小生が岩手県一関市の小学3,4年だった時(昭和19年入学だが病気で1年休学),つまり昭和22,23年に続けて台風襲来に見舞われた小さな一関市街は,大水害になり大被害が出ました。
昭和22年がカスリン台風,23年がアイオン台風です。当時,台風名はアメリカ女性名でした。今は2,3号と数字名です。いずれマリリン,エリザベス,デボラ等が襲来してくるのかと思いきや2,3号です。
冗談はさておき,被害から申しますとカスリンでは死者が130名,行方不明者は38名,アイオンでは死者393名,行方不明者316名でした。戦後間もなくの,すべてが貧しかった頃の小さな町の一関にとって,立ち直れるか否かの大被害でした。
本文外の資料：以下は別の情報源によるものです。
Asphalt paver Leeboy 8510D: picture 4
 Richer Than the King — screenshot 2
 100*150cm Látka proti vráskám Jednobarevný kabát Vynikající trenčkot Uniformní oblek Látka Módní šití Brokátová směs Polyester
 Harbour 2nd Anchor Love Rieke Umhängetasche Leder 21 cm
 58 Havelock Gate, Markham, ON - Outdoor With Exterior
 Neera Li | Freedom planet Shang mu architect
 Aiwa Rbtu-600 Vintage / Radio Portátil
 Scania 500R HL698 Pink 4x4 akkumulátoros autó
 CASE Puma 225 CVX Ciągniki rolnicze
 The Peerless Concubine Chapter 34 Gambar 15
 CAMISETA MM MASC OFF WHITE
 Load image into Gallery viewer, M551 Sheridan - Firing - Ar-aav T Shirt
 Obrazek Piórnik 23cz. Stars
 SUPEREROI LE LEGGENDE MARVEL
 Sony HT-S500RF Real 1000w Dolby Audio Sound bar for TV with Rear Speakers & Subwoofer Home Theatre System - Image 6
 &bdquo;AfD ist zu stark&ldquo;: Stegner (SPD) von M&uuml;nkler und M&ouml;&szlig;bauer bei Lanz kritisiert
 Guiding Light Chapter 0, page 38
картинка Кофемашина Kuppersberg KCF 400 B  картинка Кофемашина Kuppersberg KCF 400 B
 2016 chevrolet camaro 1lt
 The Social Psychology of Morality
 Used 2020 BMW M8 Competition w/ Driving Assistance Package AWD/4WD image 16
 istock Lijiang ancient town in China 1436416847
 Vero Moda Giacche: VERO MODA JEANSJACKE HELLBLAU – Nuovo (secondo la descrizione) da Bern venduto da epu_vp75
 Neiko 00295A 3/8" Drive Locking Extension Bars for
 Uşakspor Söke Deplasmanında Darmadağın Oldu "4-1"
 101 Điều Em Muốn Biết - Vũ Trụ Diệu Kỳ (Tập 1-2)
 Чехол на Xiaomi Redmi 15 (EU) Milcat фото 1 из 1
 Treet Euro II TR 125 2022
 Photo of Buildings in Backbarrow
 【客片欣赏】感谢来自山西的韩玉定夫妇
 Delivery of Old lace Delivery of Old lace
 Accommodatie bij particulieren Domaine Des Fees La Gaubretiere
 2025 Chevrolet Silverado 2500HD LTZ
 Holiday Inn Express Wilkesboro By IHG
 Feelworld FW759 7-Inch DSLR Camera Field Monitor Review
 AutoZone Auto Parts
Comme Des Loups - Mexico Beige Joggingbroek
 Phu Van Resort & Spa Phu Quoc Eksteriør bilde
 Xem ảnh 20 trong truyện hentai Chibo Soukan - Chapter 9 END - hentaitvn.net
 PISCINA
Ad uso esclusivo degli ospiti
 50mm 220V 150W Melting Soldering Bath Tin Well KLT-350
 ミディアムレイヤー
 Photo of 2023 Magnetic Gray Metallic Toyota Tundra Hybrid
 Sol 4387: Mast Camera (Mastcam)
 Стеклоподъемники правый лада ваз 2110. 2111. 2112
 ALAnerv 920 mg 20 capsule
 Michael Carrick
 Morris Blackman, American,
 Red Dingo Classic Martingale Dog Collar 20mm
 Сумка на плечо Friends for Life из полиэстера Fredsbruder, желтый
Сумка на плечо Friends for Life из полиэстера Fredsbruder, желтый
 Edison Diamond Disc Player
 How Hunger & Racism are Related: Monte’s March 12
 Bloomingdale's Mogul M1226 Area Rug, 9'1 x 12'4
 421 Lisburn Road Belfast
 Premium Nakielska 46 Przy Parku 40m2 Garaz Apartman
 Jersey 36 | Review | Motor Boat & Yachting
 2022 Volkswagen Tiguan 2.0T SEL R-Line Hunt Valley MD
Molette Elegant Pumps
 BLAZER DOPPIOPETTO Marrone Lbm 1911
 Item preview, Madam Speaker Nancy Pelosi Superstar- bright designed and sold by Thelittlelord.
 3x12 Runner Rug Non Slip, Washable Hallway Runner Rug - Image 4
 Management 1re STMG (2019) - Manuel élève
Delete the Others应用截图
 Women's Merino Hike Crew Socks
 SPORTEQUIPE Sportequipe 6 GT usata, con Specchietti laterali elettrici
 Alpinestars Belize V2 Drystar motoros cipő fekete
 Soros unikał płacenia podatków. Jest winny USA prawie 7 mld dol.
伊勢湾台風の被害は広域で,死者・行方不明者は5000人以上と聞いていますが,台風被害としてはそれに次ぐものかと思います。記憶は定かではありませんが,小生の家はカスリンの時は2階まで階段2段残して浸水,アイオンの時は2階床上3尺の浸水でした。今なら,テレビで全国隈なく放送され,救援物資は直ちに来るわ,自衛隊が助けに来てくれるわ,ボランティアが駆けつけてくれるわ,義援金が集まるわ,又,時には役立たずの“戦闘服”に身を固めた政府高官が視察に来てくれるわ,といったところでしょう。床上浸水や十数人が死んだくらいで大騒ぎになる今は,当時から思えば全く隔世の感もいいところです。ただ、当時でも救援物資は間違いなく届いていました。小生の記憶には残ってはいませんで,ずっと後になって確認したことですが,駐留の米軍機より小高い丘陵地に緊急援助物資が大量に投下され,それが配給されて当座の糊口を凌いだということでした。そうでなければ当座はとても暮らしていける状態ではなかったと思います。
多分アイオンの時だったと思いますが,家族4人(父親は市役所勤務で未帰宅)で卓袱台(ちゃぶだい)で夕食を摂っていたら尻の下が何かおかしいので畳を剥ぎ取ってみると,何と水が吹き上げたのです。それからが大変。まずは大事な物から2階に運び上げ,そのうち父親が帰宅して2階床上にお茶箱を置き,その上に物を運び上げました。幼い妹,弟をその上に載せたと記憶しています。
その時,小生が発揮した“火事場の馬鹿力”は凄いものだったようです。1階で腰まで浸水するまで物を運び上げたらしいのです。2階床上3尺で増水が止まってホッとしたのを覚えています。それから,我々子供は家の向かいにあった小学校の2階に避難しました。何で行ったのかは記憶ははっきりしませんが,筏だったように思います。後で両親が我が家の2階の屋根に避難しましたが,母親がずり落ちたのを父親が片腕で引き上げたとのことを、後から聞きました。それから水が引き,後片付けがある程度終わるまで3か月程,小学校の2階で暮らしました。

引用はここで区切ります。